I was thinking that if hardware seemed to have failed (could be monitored by the rest of the network) it could often just be left and not communicated with, this is also because acting naturally with any human resource would be a goal. In a commercial environment however it makes more sense to get a person to repair that PC thus scaling the people involved to the computers required. Perhaps the "death" mentioned in my post above post could be a way of resolving old age (lots of failed components, run out of space in the building). By then it could have several large children and many grandchildren. The reproduction also allows units (farms) to die (and so redistribute there wealth and covered in the above post) due to unexpected faults or real world problems such as communication problems (as effectively emails from bots are being sent to humans) or fire etc...

 

I wonder how legally the ownership of the building could work. I could imagine the government claiming buildings it found that had been purchased automatedly where there was no obvious path back to a human owner.

 

IEEE seems to involve purchasing articles. However the website implies that affiliation with certain institutions could allow you to be exempt from paying so I will check with my UNI when I return after easter.

 

I'm no great academic when it comes to creating formal reports, best practice in research, academic standards etc... I have learned it to some extent in UNI but only to a foundation degree level and that was never my strong point.

 

 

Good luck. :)

:¬)

Posted

What about if you have a computer running an automatic computer-building factory to build computers to run automatic computer-building factories?

Posted
The booting from custom built software instead of running software from an OS was to greatly reduce software faults. Do you think the hardware failure rate would be particularly large?

 

Hardware fails, yes, but interestingly you typically have a useful number on how often the hardware fails, such as the Mean Time Between Failures rating for hard drives. I don't know what "large" is, but at this point you probably don't know either -- what constitutes "large" is going to be loosely defined as something like "what makes me add another person to the payroll", and that's a variable that you'd have to puzzle out and nail down.

 

Bear in mind, by the way, that writing software that's not running off an OS is extremely time-consuming and problematic -- not for novices. You'll have to write all your own networking code, too. I don't know what your experience level is but I thought it worth mentioning.

 

 

I wonder how legally the ownership of the building could work. I could imagine the government claiming buildings it found that had been purchased automatedly where there was no obvious path back to a human owner.

 

Well this one is simple enough: Real estate ownership is a matter of public record, and computers can't own buildings.

Posted

Nobody is on the payroll. The system of how this is the case it described im my first post.

 

If computer would have to provide a real name and details to purchase buildings then I guess someone would have to own all the buildings on behalf of every unit.

 

This is all theoretical. I shouldn't think there are too many individuals capable of setting this up alone, it may need to be observed in detail to iron out the bugs.

Posted

An AI intelligent enough to earn money on its own would have to be made by a human.
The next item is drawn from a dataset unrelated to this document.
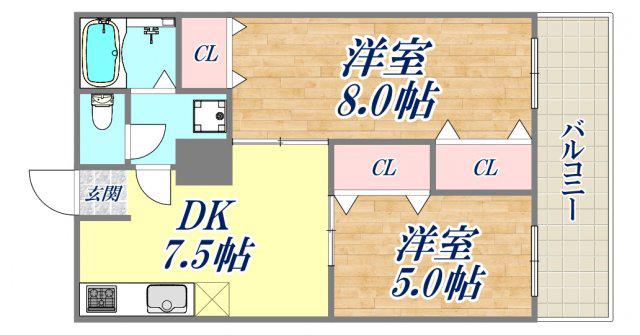 玉屋マンション(2DK/6階)の間取り写真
The human(s) that created it would consider themselves the owners of that AI. How would an AI acquire its own independence?

Posted

The human would have to disown it. While the human considers themselves still in control there would be to much tenancy for them to intervene.

  • 4 months later...
Posted

What you're describing sounds something like a cloud computing installation, such as Amazon's EC2.

 

You'll still need a full-time maintenance staff, just to handle system failures. This is especially true if you have large numbers of computers. If you have thousands of computers, you'll see multiple hardware and software failures daily which need to be addressed.

Posted
well, the AI could hire some human employees until it has developed robots to replace them.
I wasn't proposing the AI had any real intelligence. How were you proposing that it design and build robots?